In April 2020, we sent 2000 home sampling kits to the Stockholm population to measure antibodies against SARS-CoV-2 in dried blood22. The levels of IgM or IgG were determined using multiplexed bead-based assays that included multiple proteins representing the viral antigens. A population-based density cut-off of the antibody levels detected for the coronavirus spike and nucleocapsid proteins was used to classify the serostatus of each sample. Since not all individuals were diagnosed by PCR or experienced symptoms from the infection, we had only self-reported information about a diagnosed infection in one of the studies. For the other, we used only IgM and IgG to group participants into phases post-infection, as suggested by others32. In May 2021, a few months after vaccines against COVID-19 became available, we repeated the sample collection by sending a second set of 2000 home-sampling kits to populations in Stockholm and Gothenburg to determine the serostatus during the second year of the pandemic.

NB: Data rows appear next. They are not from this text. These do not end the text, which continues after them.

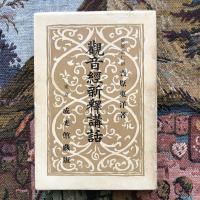 観音経新釋講話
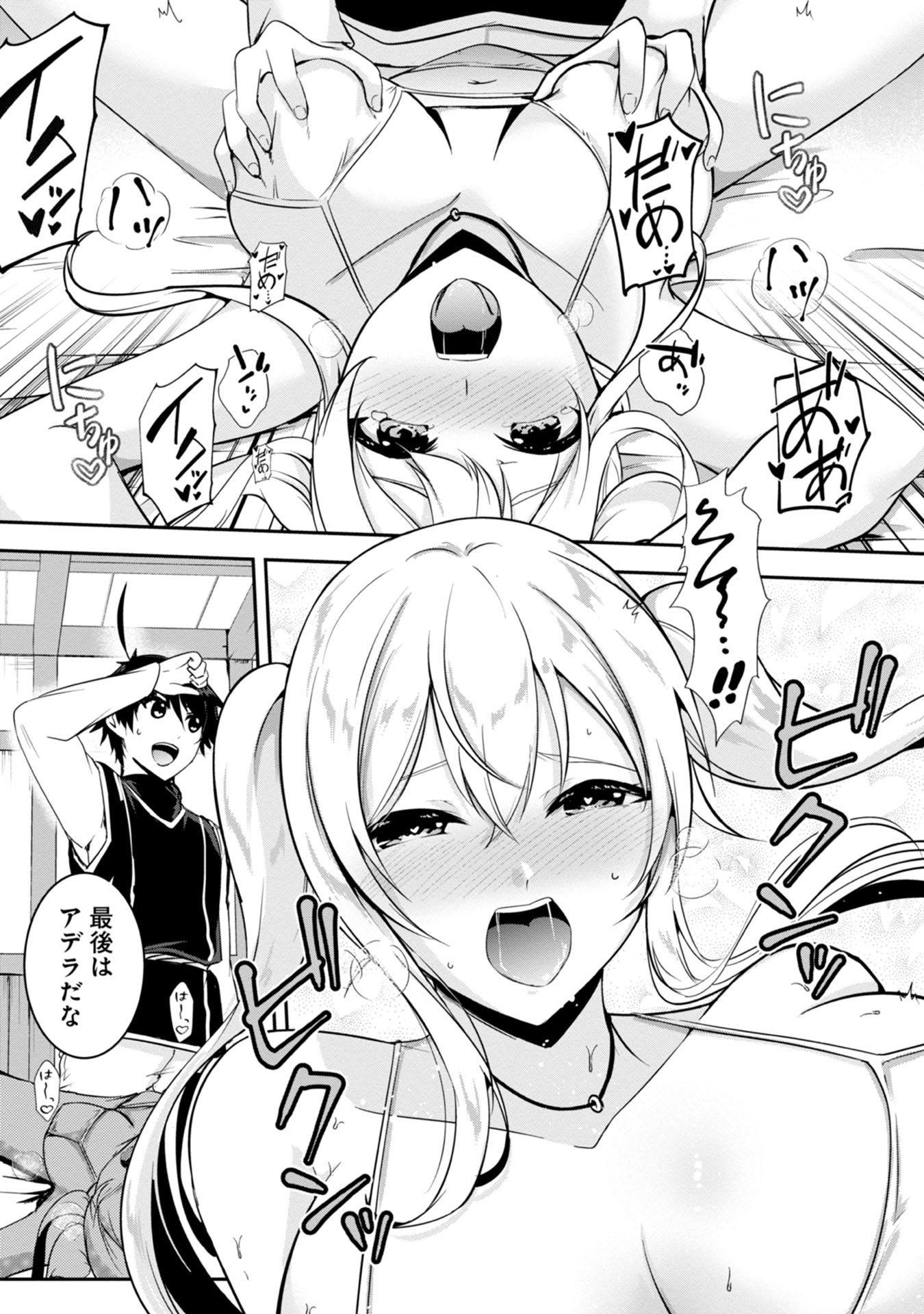 Yuusha-sama, Sakuya mo Otanoshimi deshita ne. Chap 40.5 - Next Chap 41.5
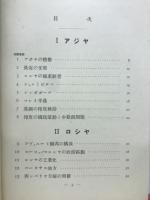1937　解説世界時局地図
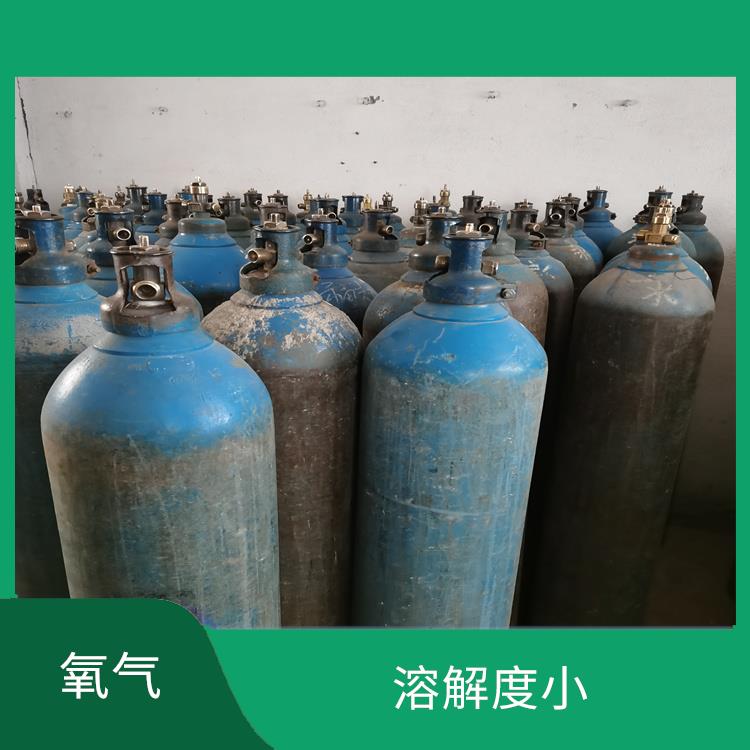 汉沽氧气哪里有卖的 操作简单 密度比空气大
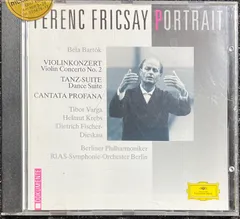 2026年最新】Ferenc_Fricsayの人気アイテム - メルカリ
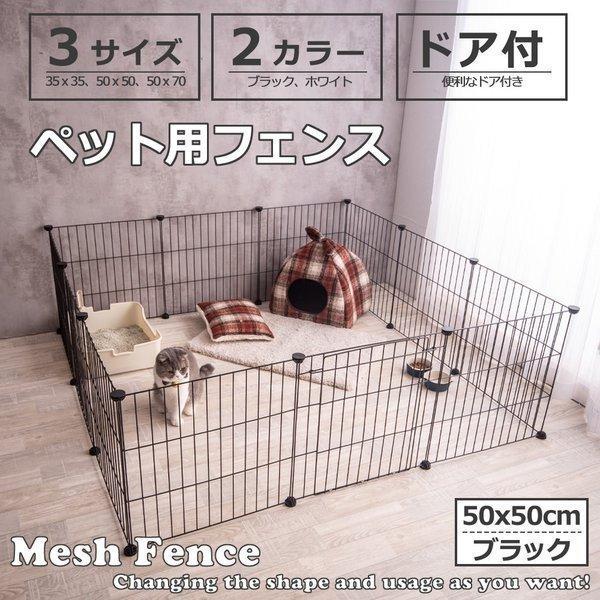 VENTOTA ペット 用 フェンス ドア 付 室内 サークル 広い ケージ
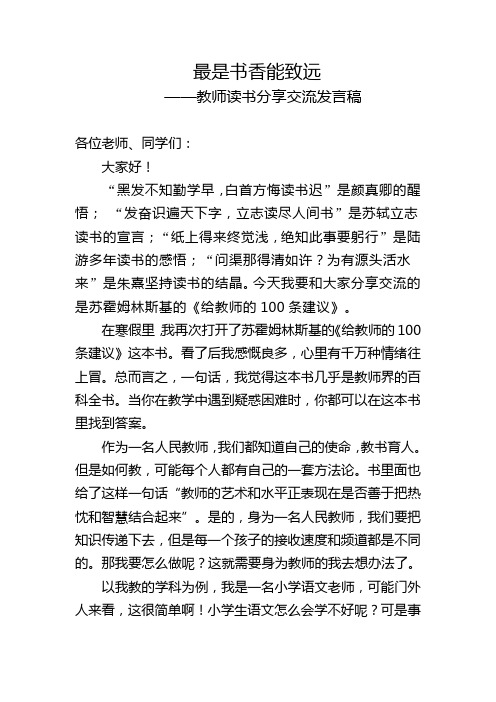 最是书香能致远——教师读书分享交流发言稿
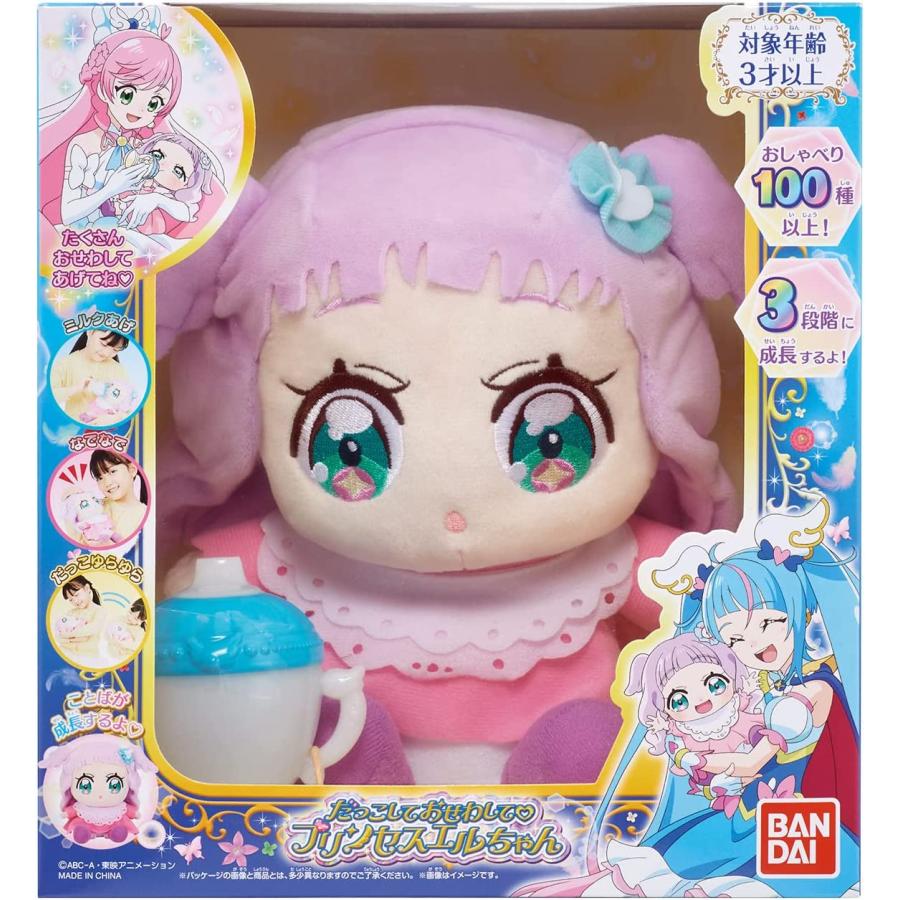 ひろがるスカイ！プリキュア だっこしておせわして プリンセスエルちゃん　　　全長約190mm（座り）｜omochayasannosouko｜02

Using their serostatuses, we selected representative subsets from our collections (N = 228) to perform protein profiling by PEA.

The first study (study 1) from April 2020 was collected during the pandemic’s first wave. It consisted of 83 DBS donors, among which 44 participants were selected based on their serological immune response (IgM+IgG+). These seropositive participants presented the peak of the immune response, which we determined by detecting IgG and IgM against multiple SARS-CoV-2 antigens. The group was matched with 37 seronegative individuals (IgMIgG) based on demographic traits and reported symptoms. There were no significant differences in self-reported symptoms, and only three subjects in the seropositive group reported severe symptoms (Table 1). The seropositive subjects of study 1 had only been exposed to the wild-type variant.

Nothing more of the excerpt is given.